Mailing address: Department of Laboratory Medicine and Pathology, University of Washington, Seattle, WA, 98195-7470, USA.
Email: ab62@uw.edu
Received: 06 August 2024 / Accepted: 8 August 2024 / Published: 30 September 2024
DOI: 10.31491/APT.2024.09.154
Abstract
The article is an interview with Prof. Stephen C. Bondy, Department of Environmental & Occupational Health and Department of Medicine, University of California, USA, conducted by Alessandro Bitto of the Department of Laboratory Medicine and Pathology, University of Washington, Seattle, WA, USA, on behalf of Aging Pathobiology and Therapeutics.
Stephen C. Bondy, PhD
Stephen Bondy is Professor of Neuroscience at the Center for Occupational and Environmental Health at the University of
California, Irvine. He obtain an M.A. from the University of Cambridge in 1962 and a Ph.D. in biochemistry from the University of
Birmingham. He has held positions at Columbia University, UCLA, University of Colorado, and the National Institute for Environmental
Health Sciences where he was Head of the Neurochemistry Section. The focus of his research concerns the mechanistic processes
underlying the effect of environmental or nutritional agents in altering the rate of brain aging, with an emphasis on the
contribution of inflammatory events to neural aging, and the potential slowing of brain aging by antioxidants and anti-inflammatory
agents such as melatonin. Prof. Stephen Bundy has published more than 400 articles in the field.
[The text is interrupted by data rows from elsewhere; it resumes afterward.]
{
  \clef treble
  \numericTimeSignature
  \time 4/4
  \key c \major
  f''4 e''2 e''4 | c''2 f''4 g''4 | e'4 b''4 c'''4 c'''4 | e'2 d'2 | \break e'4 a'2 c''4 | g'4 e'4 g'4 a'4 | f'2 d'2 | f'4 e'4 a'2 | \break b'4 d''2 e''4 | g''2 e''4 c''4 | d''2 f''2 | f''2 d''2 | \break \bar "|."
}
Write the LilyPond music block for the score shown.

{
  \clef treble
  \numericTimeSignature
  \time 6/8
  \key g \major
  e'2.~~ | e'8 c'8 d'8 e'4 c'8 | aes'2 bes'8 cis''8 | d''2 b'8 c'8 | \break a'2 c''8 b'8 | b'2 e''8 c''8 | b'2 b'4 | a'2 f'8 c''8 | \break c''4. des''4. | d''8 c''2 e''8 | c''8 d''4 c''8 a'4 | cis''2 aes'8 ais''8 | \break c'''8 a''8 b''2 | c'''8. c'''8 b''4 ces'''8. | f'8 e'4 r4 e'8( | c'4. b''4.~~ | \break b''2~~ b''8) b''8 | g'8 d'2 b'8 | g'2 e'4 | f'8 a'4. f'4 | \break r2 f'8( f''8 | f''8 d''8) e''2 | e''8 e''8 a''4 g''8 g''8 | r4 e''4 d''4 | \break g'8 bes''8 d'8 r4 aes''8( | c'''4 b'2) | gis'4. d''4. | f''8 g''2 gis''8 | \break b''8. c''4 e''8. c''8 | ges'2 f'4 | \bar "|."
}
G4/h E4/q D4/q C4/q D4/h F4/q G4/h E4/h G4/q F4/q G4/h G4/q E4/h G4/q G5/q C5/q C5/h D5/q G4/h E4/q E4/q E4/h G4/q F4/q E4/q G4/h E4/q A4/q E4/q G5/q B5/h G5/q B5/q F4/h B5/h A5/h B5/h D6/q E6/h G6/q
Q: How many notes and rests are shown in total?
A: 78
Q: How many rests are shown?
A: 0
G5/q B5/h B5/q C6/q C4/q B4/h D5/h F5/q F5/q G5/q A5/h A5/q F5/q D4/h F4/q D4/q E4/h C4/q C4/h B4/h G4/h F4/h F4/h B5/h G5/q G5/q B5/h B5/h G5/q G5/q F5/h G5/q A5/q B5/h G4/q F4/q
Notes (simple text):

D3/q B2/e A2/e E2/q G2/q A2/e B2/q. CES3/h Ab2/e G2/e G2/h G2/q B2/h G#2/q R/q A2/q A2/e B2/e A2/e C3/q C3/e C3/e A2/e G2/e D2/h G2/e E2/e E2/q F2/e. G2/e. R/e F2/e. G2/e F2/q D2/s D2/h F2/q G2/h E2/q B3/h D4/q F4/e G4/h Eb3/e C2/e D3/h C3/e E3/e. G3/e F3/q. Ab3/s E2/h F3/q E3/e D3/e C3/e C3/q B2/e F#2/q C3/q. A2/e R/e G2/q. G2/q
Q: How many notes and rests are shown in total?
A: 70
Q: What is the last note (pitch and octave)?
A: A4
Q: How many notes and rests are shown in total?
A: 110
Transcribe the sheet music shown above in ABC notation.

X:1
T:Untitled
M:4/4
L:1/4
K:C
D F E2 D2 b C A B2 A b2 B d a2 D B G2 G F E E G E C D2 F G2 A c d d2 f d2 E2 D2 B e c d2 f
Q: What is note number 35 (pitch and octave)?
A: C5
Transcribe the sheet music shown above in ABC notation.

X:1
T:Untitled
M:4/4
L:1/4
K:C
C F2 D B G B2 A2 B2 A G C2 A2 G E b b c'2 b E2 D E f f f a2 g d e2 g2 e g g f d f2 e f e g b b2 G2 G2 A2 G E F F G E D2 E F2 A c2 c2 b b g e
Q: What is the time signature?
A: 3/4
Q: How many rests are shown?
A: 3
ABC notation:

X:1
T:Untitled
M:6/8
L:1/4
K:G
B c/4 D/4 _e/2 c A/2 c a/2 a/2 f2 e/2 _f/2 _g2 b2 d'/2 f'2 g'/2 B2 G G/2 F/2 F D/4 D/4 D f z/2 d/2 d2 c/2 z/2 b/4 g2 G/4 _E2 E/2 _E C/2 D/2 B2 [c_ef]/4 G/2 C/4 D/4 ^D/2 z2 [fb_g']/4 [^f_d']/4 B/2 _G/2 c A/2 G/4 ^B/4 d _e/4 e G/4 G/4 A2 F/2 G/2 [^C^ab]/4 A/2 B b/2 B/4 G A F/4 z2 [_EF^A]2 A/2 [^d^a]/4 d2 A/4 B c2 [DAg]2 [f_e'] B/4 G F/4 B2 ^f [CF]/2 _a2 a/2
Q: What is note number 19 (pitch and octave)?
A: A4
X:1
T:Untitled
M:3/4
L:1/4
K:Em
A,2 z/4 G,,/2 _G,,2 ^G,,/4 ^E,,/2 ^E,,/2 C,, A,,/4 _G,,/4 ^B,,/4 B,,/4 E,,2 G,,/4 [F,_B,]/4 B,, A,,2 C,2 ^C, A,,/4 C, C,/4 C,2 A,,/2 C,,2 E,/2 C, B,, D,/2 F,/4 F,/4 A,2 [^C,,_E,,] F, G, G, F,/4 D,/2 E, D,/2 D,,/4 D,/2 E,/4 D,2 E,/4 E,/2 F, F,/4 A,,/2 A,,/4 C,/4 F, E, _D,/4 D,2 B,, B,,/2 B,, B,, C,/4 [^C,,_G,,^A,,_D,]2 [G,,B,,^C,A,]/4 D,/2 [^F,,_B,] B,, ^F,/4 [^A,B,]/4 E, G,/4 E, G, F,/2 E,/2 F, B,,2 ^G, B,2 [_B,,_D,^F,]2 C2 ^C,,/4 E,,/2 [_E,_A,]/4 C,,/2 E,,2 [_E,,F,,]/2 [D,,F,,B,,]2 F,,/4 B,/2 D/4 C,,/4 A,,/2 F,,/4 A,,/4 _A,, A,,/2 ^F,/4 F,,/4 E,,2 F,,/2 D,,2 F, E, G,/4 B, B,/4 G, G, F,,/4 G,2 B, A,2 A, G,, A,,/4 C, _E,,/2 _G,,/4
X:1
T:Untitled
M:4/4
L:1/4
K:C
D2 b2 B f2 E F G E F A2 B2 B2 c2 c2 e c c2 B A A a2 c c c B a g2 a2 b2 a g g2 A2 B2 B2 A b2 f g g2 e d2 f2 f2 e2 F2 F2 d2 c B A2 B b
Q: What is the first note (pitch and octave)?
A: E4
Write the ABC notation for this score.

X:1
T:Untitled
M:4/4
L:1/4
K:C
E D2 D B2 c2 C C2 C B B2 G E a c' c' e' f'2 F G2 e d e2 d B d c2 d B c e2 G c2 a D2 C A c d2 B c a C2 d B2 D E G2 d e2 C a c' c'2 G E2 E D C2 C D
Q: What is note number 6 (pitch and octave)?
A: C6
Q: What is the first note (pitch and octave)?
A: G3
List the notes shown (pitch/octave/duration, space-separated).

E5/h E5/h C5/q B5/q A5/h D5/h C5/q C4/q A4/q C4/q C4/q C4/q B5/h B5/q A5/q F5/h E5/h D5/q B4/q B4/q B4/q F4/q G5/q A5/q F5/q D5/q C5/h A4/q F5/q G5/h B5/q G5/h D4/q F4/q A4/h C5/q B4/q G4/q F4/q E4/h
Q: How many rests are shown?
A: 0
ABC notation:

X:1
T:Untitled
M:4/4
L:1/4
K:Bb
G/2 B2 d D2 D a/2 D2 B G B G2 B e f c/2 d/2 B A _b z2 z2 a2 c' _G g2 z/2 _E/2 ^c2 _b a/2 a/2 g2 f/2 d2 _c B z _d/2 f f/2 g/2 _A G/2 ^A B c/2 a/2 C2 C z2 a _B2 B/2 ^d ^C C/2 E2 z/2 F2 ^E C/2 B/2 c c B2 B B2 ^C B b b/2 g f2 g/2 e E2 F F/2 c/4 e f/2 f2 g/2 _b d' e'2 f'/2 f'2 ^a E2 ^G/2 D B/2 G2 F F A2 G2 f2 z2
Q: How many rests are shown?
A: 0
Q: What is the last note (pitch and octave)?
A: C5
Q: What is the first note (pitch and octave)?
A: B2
(https://www.faculty.uci.edu/profile/?facultyId=2283)
Alessandro Bitto: Can you give a general introduction to your research direction?
Stephen C. Bondy: I am interested in the fact that most disease states involve misguided enthusiasm by
the immune system, leading to a non-productive and extended inflammatory state. In view of our rapidly aging population and the
fact that age is associated with such a chronic inflammatory condition, the question as to what forms the basis of this unhelpful
response and what can be done to alleviate it need to be addressed.
Alessandro Bitto: Can you tell us about your career path so far? What has been the most interesting stage
of your scientific career?
Stephen C. Bondy: My career has been rather long and in consequence has several facets but it has always
been focused on the central nervous system. As a graduate student I was assigned the job of characterizing brain proteins. The
methodology was rather primitive in those days.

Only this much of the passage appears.